Kentucky Minimum Wage Bill Passes State House, Uncertain In Senate
A bill that would increase Kentucky’s minimum wage to $10.10 over the course of three years has passed the state House of Representatives.
A similar version of the bill passed the House last year but died in the Senate
House Speaker Greg Stumbo, a Democrat from Prestonsburg, sponsored the bill. He says the bill didn’t gain traction in the Republican-led Senate because it was an election year.
“It was a political issue, it was a big political year,” Stumbo said on the House floor. “Well, that election has come and gone, the bill was not adopted. So this year let’s make it different: I challenge you to do, those of you who were here in 2007, to do what you did back then.”
In 2007, the Kentucky legislature passed a law that tied the state’s minimum wage to the federal minimum wage rate, which is currently $7.25 per hour.
Senate President Robert Stivers, a Republican from Manchester, said the minimum wage hike didn’t have much of a chance in the Senate.
“ I don’t think that’s the direction we need to be looking at high wage jobs, and I say high wage jobs, I want to make that clear, not creating a culture of minimum wage jobs,” Stivers said.
During last year’s General Assembly, Stivers had hinted that the Senate might consider a minimum wage bill, however that didn’t happen.
In November, Alaska, Arkansas, Nebraska and South Dakota voted to raise the minimum wage in their states.
During a floor debate over the bill, Rep.
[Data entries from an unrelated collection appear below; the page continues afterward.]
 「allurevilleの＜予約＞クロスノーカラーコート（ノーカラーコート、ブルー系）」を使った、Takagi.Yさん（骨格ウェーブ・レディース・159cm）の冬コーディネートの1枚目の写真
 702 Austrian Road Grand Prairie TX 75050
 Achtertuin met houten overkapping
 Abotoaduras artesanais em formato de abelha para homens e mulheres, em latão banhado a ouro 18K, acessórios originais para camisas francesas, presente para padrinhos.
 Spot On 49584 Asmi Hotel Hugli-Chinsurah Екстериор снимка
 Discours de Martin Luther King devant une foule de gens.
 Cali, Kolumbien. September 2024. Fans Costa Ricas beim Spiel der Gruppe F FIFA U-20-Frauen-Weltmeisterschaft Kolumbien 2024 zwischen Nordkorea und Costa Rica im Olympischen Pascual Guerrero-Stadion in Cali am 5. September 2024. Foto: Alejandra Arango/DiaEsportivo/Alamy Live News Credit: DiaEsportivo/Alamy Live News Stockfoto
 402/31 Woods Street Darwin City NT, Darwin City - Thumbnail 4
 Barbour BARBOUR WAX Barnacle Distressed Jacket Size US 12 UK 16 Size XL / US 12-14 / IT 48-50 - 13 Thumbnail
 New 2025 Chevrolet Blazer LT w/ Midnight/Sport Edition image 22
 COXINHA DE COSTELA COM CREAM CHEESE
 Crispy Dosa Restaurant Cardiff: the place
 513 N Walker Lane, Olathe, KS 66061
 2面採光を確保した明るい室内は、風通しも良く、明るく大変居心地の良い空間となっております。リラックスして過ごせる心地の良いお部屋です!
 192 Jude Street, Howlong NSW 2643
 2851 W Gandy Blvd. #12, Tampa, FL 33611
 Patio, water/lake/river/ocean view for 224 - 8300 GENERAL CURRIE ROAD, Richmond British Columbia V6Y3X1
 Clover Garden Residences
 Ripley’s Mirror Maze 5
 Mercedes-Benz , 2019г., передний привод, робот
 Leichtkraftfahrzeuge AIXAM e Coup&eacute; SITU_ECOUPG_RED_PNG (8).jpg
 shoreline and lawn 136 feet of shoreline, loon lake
Stan Lee, a Republican from Lexington, accused House majority members of attacking business owners who were worried about an increase in costs.
Under the bill, businesses with sales of less than $500,000 per year would be exempted from state’s minimum wage law. Wages would revert to the federal rate, $7.25 per hour.
The bill also contains a provision that guarantees equal pay for men and women.
“I think it’s about time that Kentucky stepped into the 21st Century and recognize that work that is dominated by women in the state of Kentucky is the same as work that is dominated by men,” said Rep. Mary Lou Marzian, a Democrat from Louisville.
The House bill would raise the minimum wage from $7.25 an hour to $8.20 in July 2015, $9.15 in July 2016; and $10.10 on July 1, 2017.